- **Work request**
A verbatim copy of all the data is required, minus any images.

- **Given data**
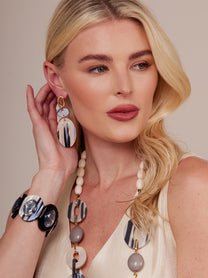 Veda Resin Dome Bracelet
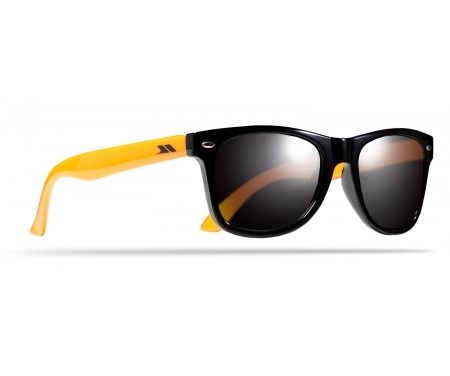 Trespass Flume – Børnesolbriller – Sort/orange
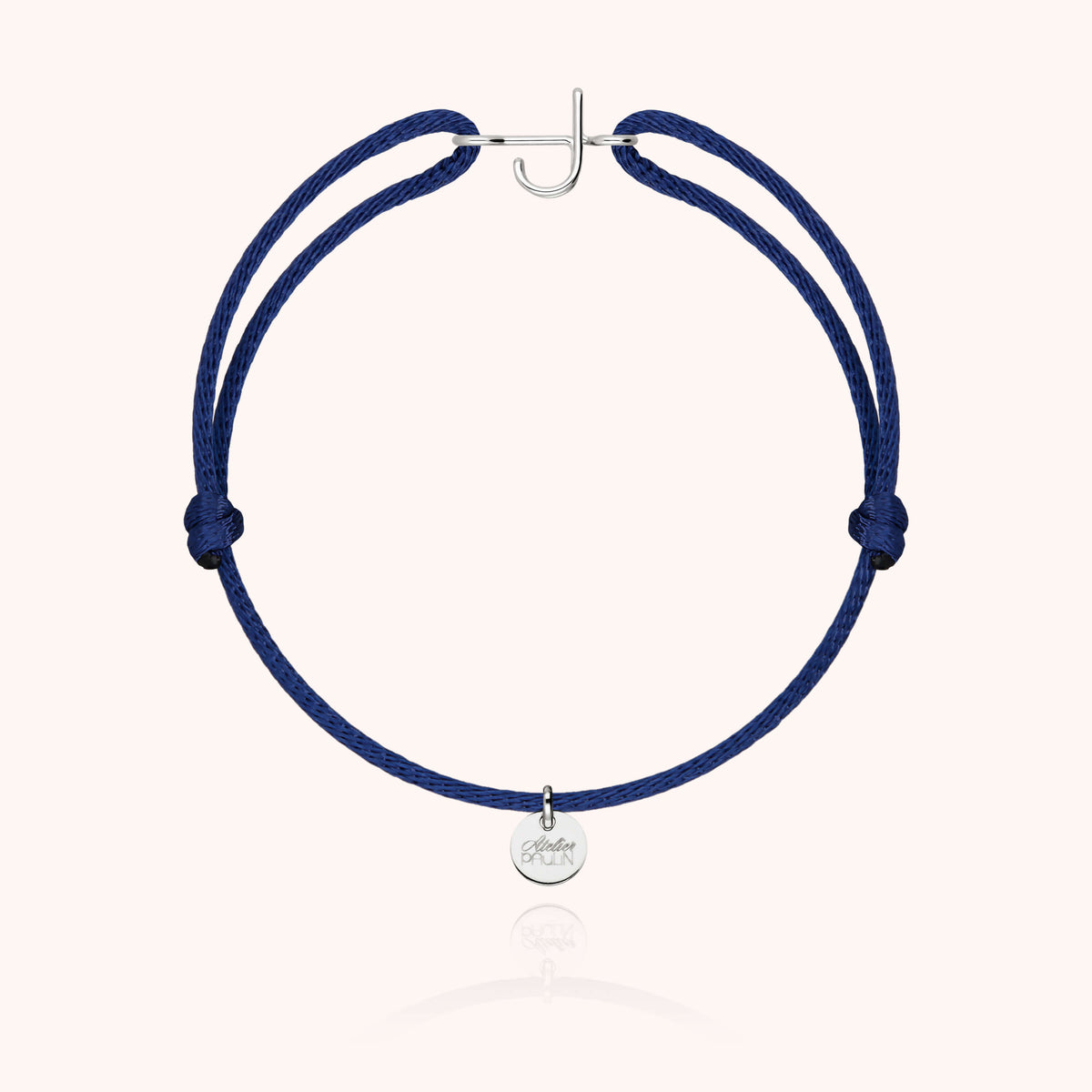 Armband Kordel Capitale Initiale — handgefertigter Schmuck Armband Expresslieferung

- **Result of the task**
 Veda Resin Dome Bracelet
 Trespass Flume – Børnesolbriller – Sort/orange
 Armband Kordel Capitale Initiale — handgefertigter Schmuck Armband Expresslieferung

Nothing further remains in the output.